Os espíritas continuam a ser perseguidos e discriminados
em Portugal, em pleno século XXI, a começar pelo Estado…
Tive conhecimento de um amigo que usa um pseudônimo nas
suas atividades espíritas, com receio de ser despedido
de uma instituição estatal.
Tive conhecimento de um frequentador do Centro de
Cultura Espírita de Caldas da Rainha, que eu frequento,
que deixou de o frequentar pois o seu patrão (de uma
corrente religiosa que não suporta o Espiritismo)
ameaçou-o de que, se continuasse a ir ao centro
espírita, seria despedido.
Vivemos num país supostamente do 1º mundo, com uma
mentalidade do tempo da Santa Inquisição, onde os
Espíritas (para quem ainda não houve 25 de Abril de
1974, pois o Estado ainda não devolveu todos os bens
confiscados no tempo da ditadura e entregues à Casa
Pia), em pleno século XXI, têm de se expor, têm de ter
mil e um cuidados no seu quotidiano, por uma questão de
liberdade de consciência, de expressão, de escolha da
sua espiritualidade, consignada na Constituição da
República Portuguesa?
Felizmente a situação é diferente de há 2 mil anos,
quando os cristãos eram atirados aos leões, nas arenas
dos circos romanos.
Se não faz sentido nenhum uma advogada (ou outro
profissional qualquer) pedir um parecer de
compatibilidade com a sua opção de ateu, católico,
budista, espírita, agnóstico etc., menos sentido faz uma
Ordem profissional dar um parecer positivo ou negativo,
pois que o único parecer deveria ter sido “Não temos
o poder de dar um parecer sobre questões de consciência
individual”.
Já agora, se alguém souber onde se vende “bom senso”,
seja em pó ou noutro estado qualquer, diga-me por favor,
para enviar à Ordem dos Advogados, em Portugal…

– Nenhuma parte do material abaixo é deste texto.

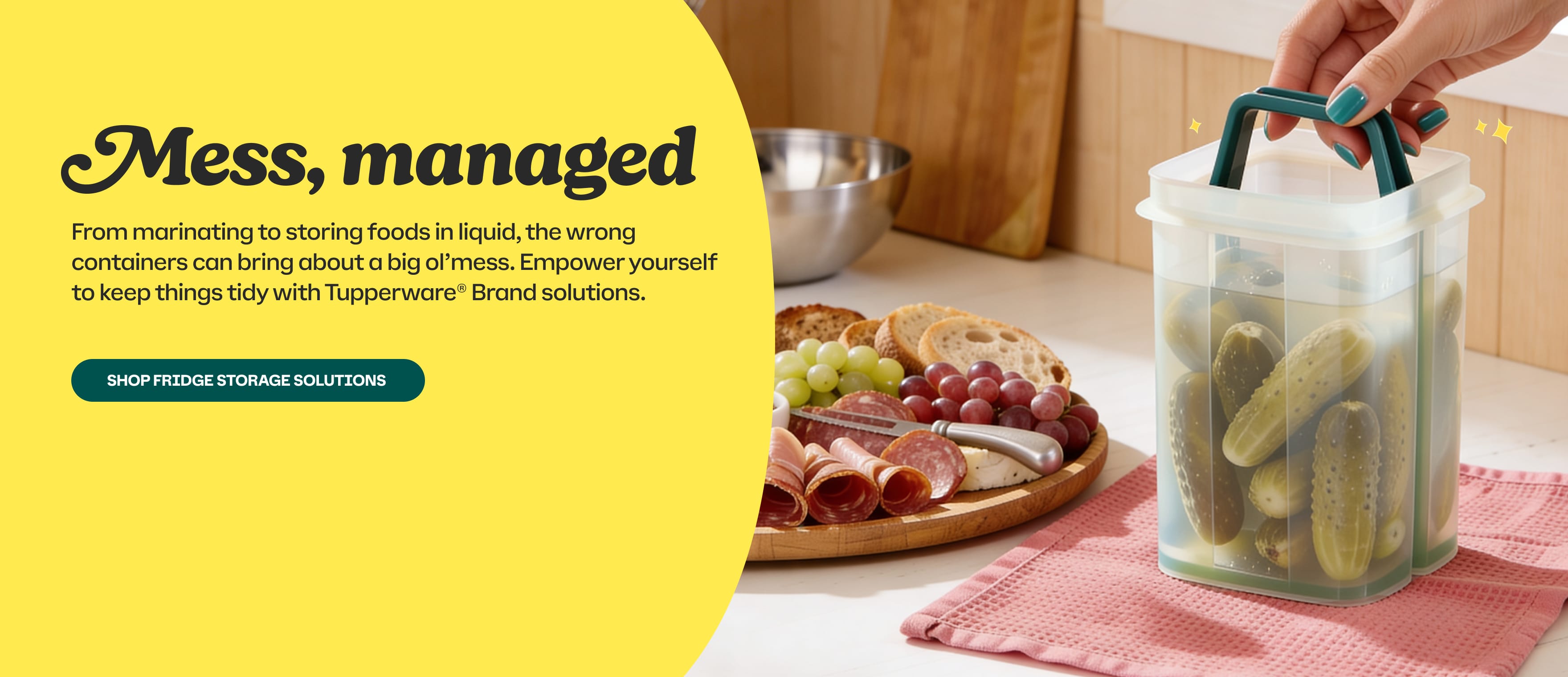 Tupperware container with pickles on a kitchen counter, promotional text about managing food messes. Shop Fridge Storage Solutions.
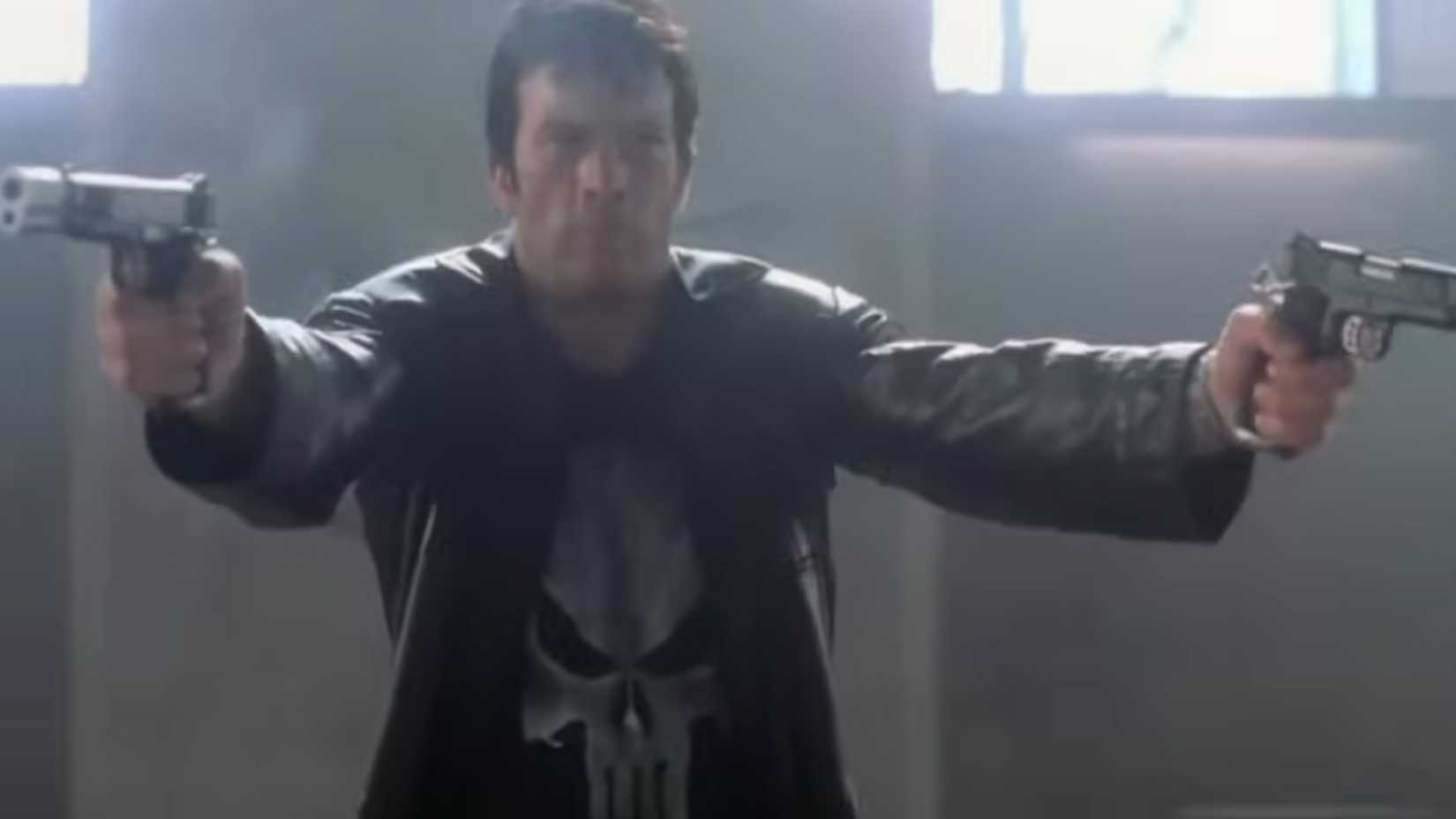 The punisher wearing a trench coat holding two pistols in the 2004 movie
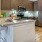 a kitchen with a stainless steel refrigerator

Por falar em incompatibilidades, cada vez penso mais que
as alterações climáticas no planeta Terra estão a dar
cabo da nossa moleirinha e são incompatíveis com a
normalidade!!!
Valha-nos Deus…
P.S. – No artigo diz-se
que “o culto desses conhecimentos configura uma
religião - o Espiritismo".
Aqui fica uma correção:
O Espiritismo não é mais uma religião, mais uma seita,
mas uma doutrina filosófica de consequências morais (in
“O que é o Espiritismo”, Allan Kardec).